It’s that time of year when the church sanctuary is transformed into downtown Bethlehem circa first century AD, and the parking lot may or may not host some sheep, a donkey, or even a camel.
Kids in bathrobes, the Hallelujah Chorus, live Nativity scenes, lighting an Advent wreath—these are just a few of the special activities and traditions congregations practice to celebrate the birth of Jesus. But before we take the plunge into another Advent and Christmas, it’s worth pausing and asking ourselves, “Who is all of this is for?”
How we answer that question will guide our planning and expectations. It can also help us avoid the problem of doing the same thing over and over and expecting different results. Here are a few audiences that churches typically aim to reach with their Christmas programming:
Community. For churches caught up in the escalating arms race of Christmas pageants and live Nativity dramas, there can be a “Great Christmas Light Fight”-type expansion of resources, both financial and human. When this happens, it’s most often defended by saying “We need to reach out to our community.”
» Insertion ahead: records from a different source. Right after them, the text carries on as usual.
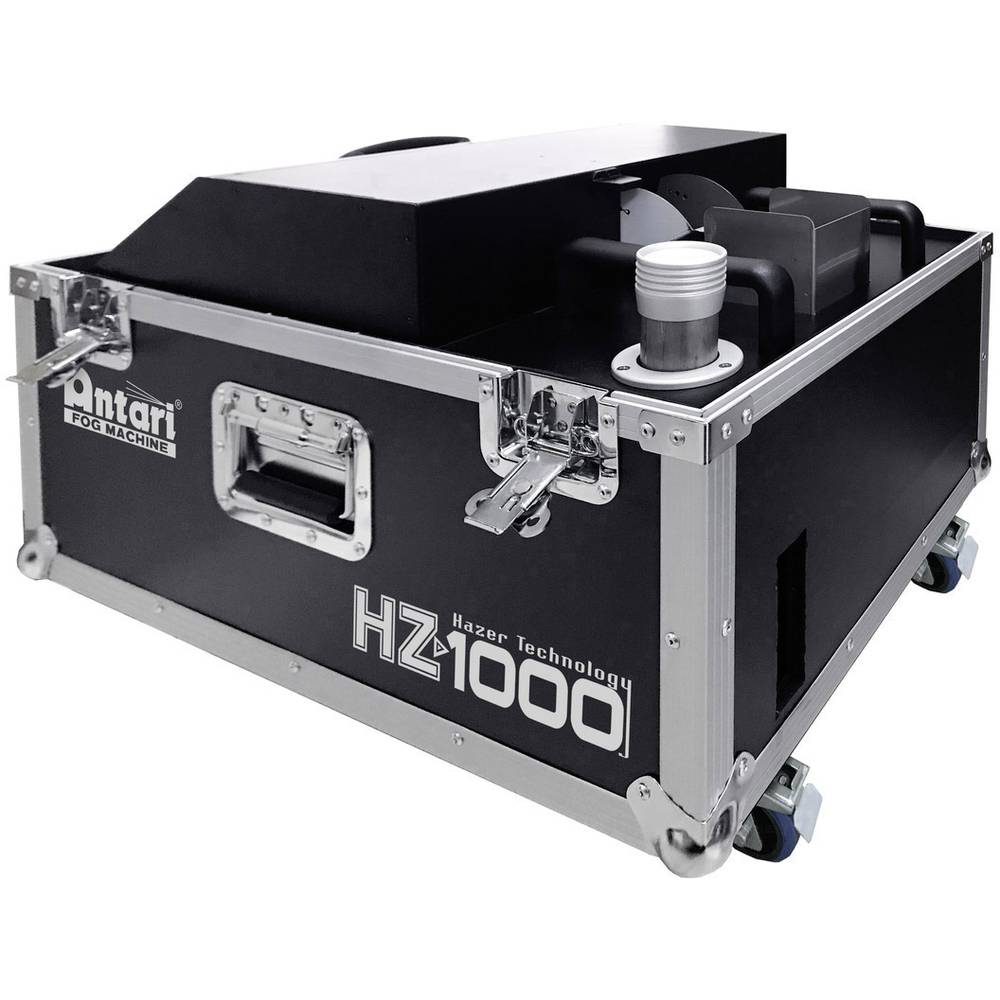 Antari HZ-1000 výrobník mlhy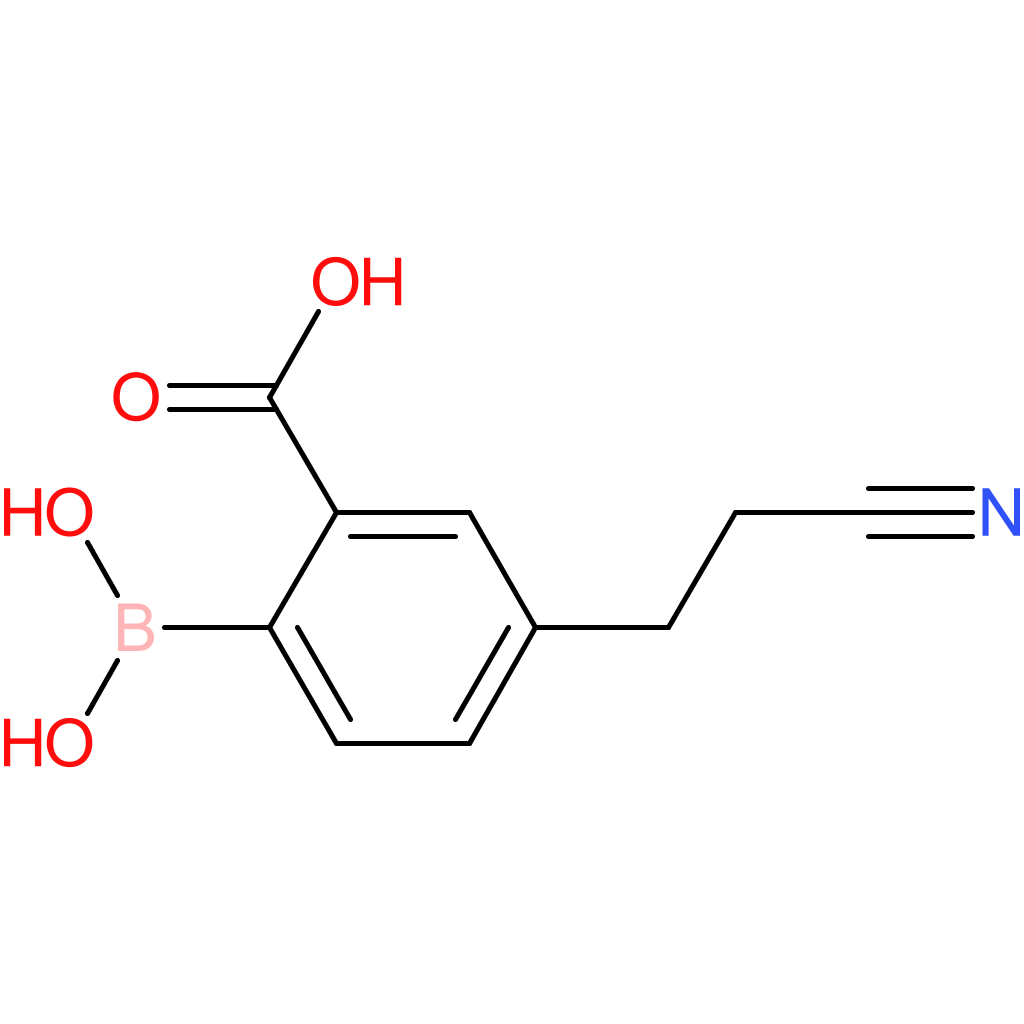 hE-chemical 0515028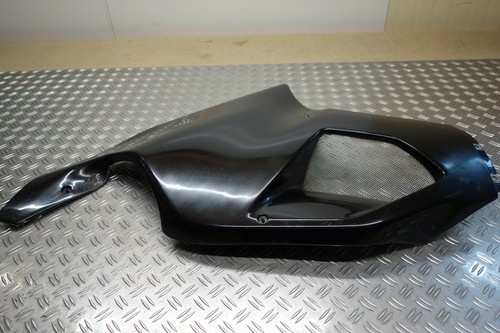 Original aprilia 125 mp - original, rs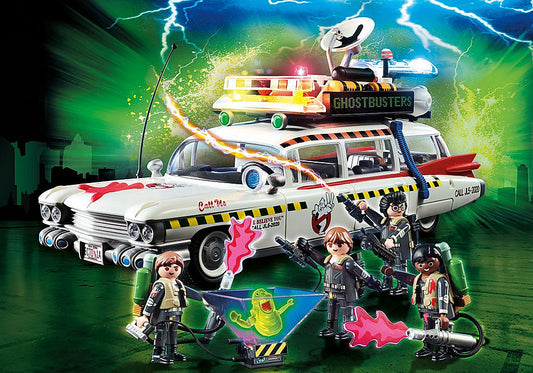 Ghostbusters-Ecto-1A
This may or not be the true motive. The quickest way to tell if it’s an honest attempt at outreach is to see if you are communicating about these activities to your community. If you are not inviting them, realistically it can’t be for them. It’s also telling to see who actually shows up. If no one from the community is coming, is it really for them?
Many churches have traditional services, performances, and activities that have become staples in their community’s holiday calendar. They have spent resources over the years to attract and keep people outside of their congregation coming back year after year. It takes time—and money—to get something like this going. I’m all in favor of such an approach, just be honest with yourself about what’s really happening. If the community isn’t invited and isn’t showing up, then your real audience might be….
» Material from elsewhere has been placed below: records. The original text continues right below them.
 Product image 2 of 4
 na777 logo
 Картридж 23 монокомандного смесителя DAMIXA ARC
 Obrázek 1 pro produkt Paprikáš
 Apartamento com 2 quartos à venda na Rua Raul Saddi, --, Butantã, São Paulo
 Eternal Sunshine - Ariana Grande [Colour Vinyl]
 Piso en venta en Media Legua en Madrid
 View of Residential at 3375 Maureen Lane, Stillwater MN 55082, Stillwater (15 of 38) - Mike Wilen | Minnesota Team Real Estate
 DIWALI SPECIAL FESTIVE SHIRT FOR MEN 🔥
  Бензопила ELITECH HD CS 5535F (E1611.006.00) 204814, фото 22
Church. It’s okay for some services and functions to be just for your church folks. Again, just name this truth from the outset. Our church does an annual cookie swap. It’s just for us. I can see a version of the event that includes guests, but I think it’s absolutely okay for some traditions to be just for the “family.” The goal of these church-focused events are more for uplifting members, supporting each other through prayer and fellowship, and in the case of services, offering worship together. Churches need genuine fellowship.
Children. Some traditions try hard to keep secular depictions of a more commercialized Christmas out of the church. Others try to incorporate them but give them a spiritual meaning. In those cases, the audience is typically children. Because of the way Christians in America celebrate Christmas, some of our strongest childhood memories are often of Christmas. Receiving gifts creates powerful memories.
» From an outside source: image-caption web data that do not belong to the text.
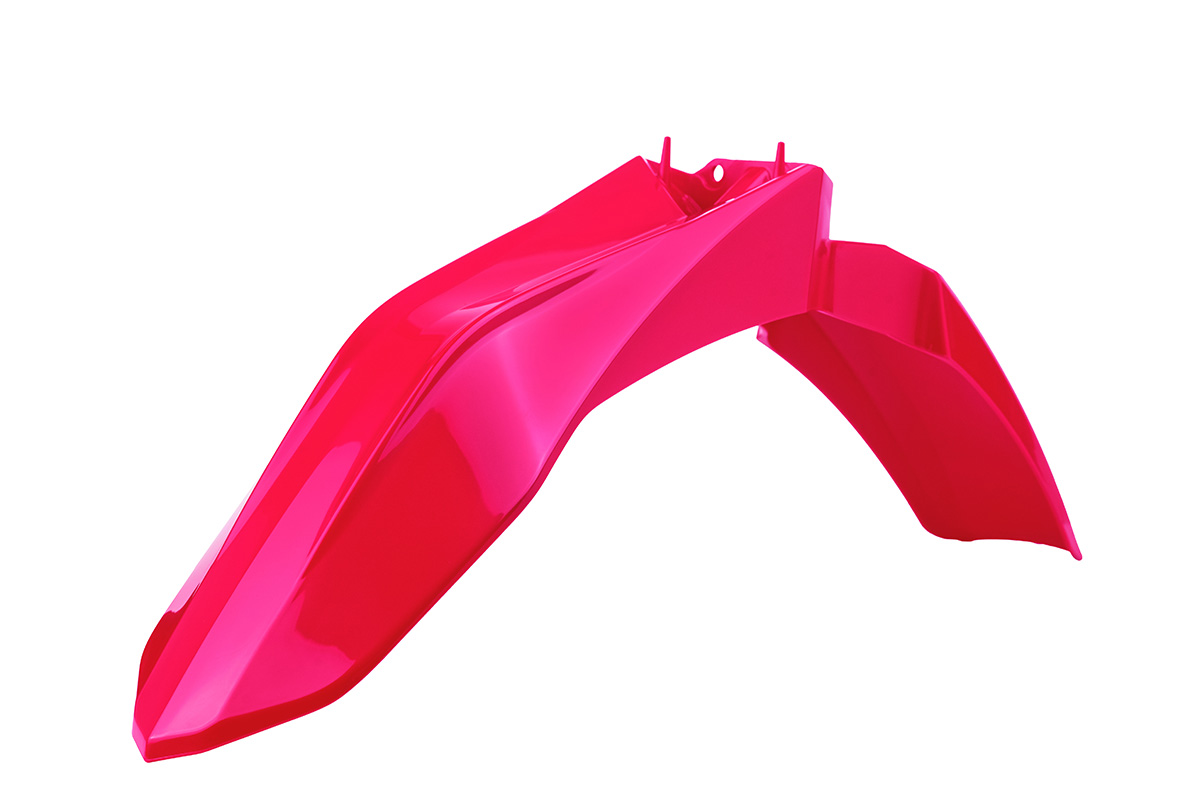 rieju_front_fender
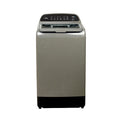 Super Asia SA-814 Auto Top Load Washing Machine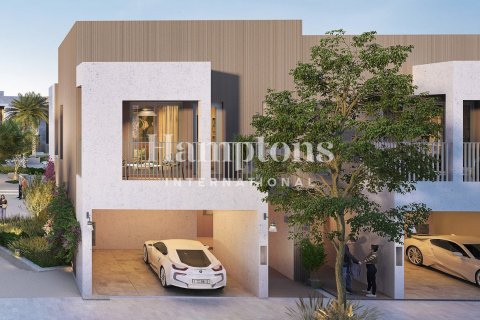 3 غرف نوم تاون هاوس في Arabian Ranches 3, الإمارات العربية المتحدة رقم 162344 6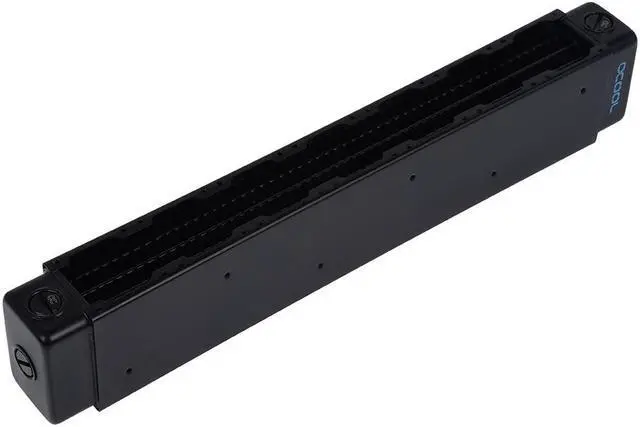 Alt view image 2 of 2 - Alphacool Eisblock XPX Pro 1U (12936)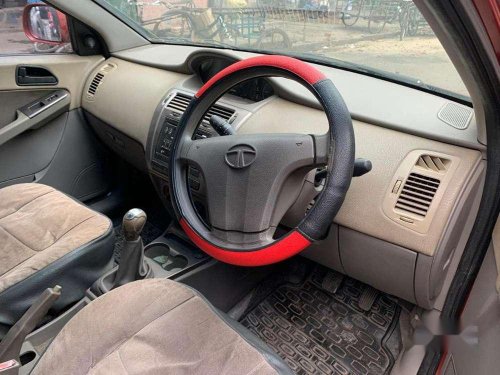 Used 2009 Tata Vista MT for sale in Kolkata 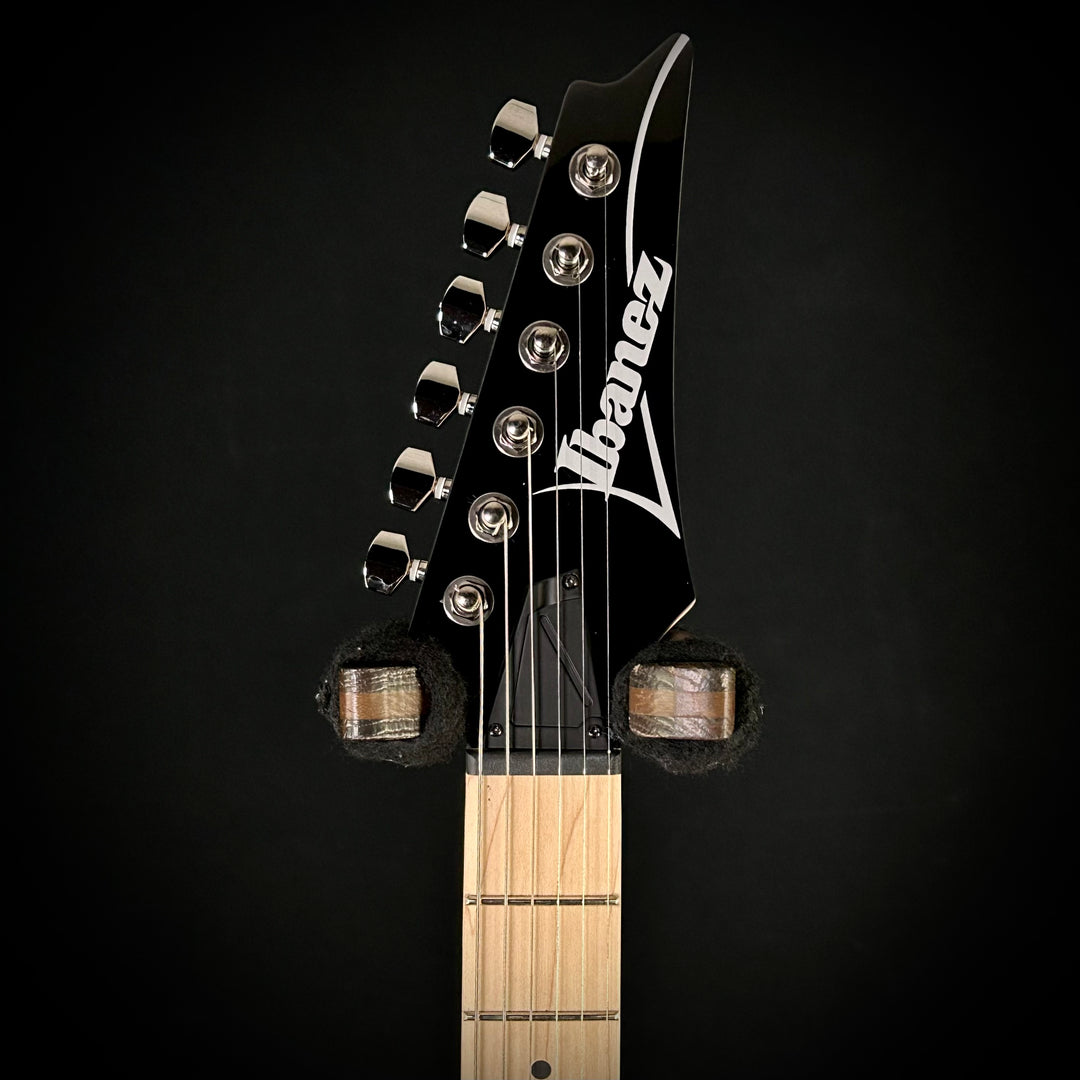 Ibanez RG421AHM
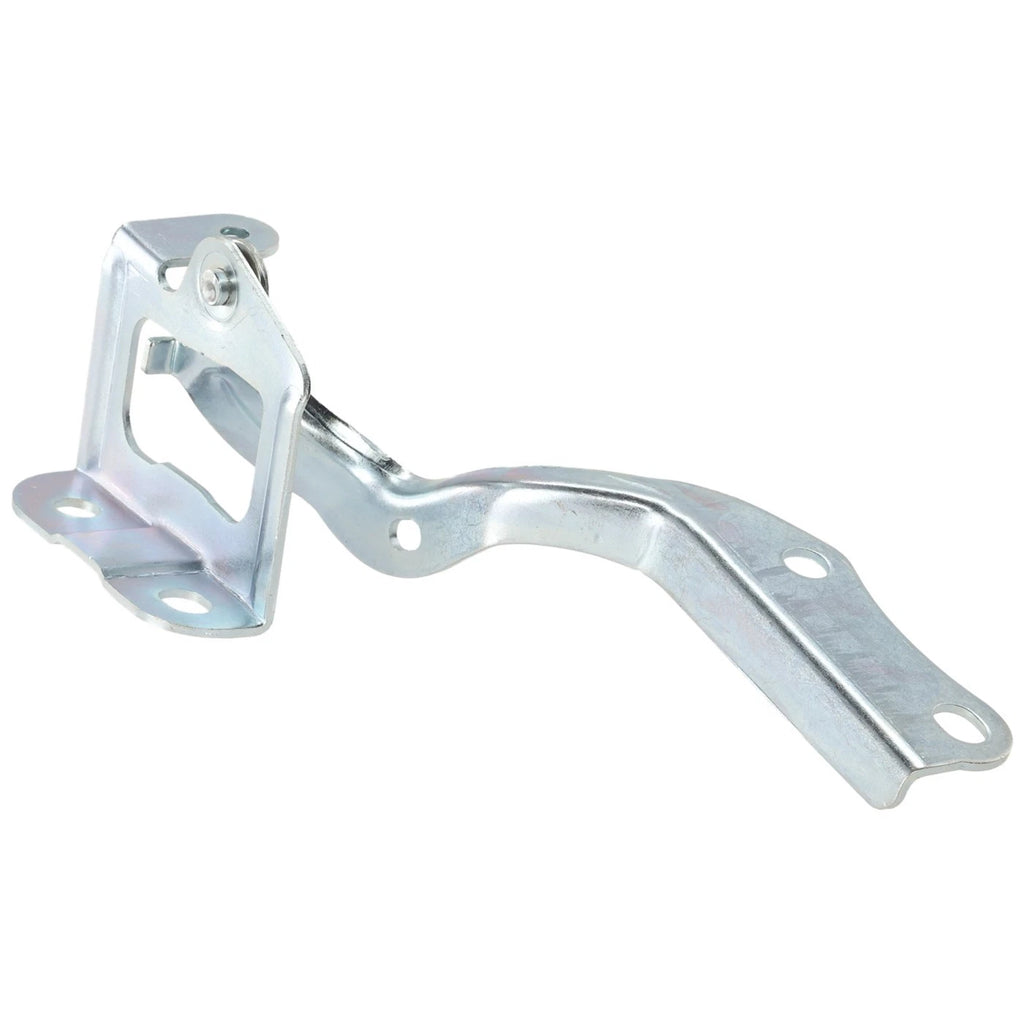 Hood Hinges for Toyota Prius Plug-In (2012–2015)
My hope is that your church does include activities that center on children at this time of year. Dressing as characters from the story of the Nativity drives home the Biblical narrative, and lighting candles, decorating the church, and including special crafts helps children make a deeper connection than just getting presents.
Unchurched. It’s been my experience that churches have a harder time than ever inviting unchurched people to their services. The reasons for this are the subject of another article, but suffice it to say, one audience for churches is those who are not committed church attenders. If you want the unchurched to show up, whatever the event or performance, providing context and meaning for what you’re doing is important. You can’t take for granted that someone who didn’t grow up in the church knows what a shepherd, or for that matter a wise man, has to do with Jesus.
It’s also essential that invitations be personal and include follow up. Most people avoid walking into unfamiliar experiences. Help people know what to expect with clear explanations in your promotional materials and on your website. Having pre-printed invitations for members to hand out to neighbors is a tactic I’ve seen work in the past.
God. It’s all too often that we forget to focus on God in what we do at church. This season offers us opportunities to be mindful that we ultimately do what we do at church to and for God. If we take this motivation to heart, it might just make our season profoundly more enriching. Offering sincere worship to God is transformational and can give meaning to our most frequently repeated traditions.
Perhaps the healthiest churches include holiday activities for each of these audiences. May you and your church experience hope, peace, joy, and love this Advent and Christmas.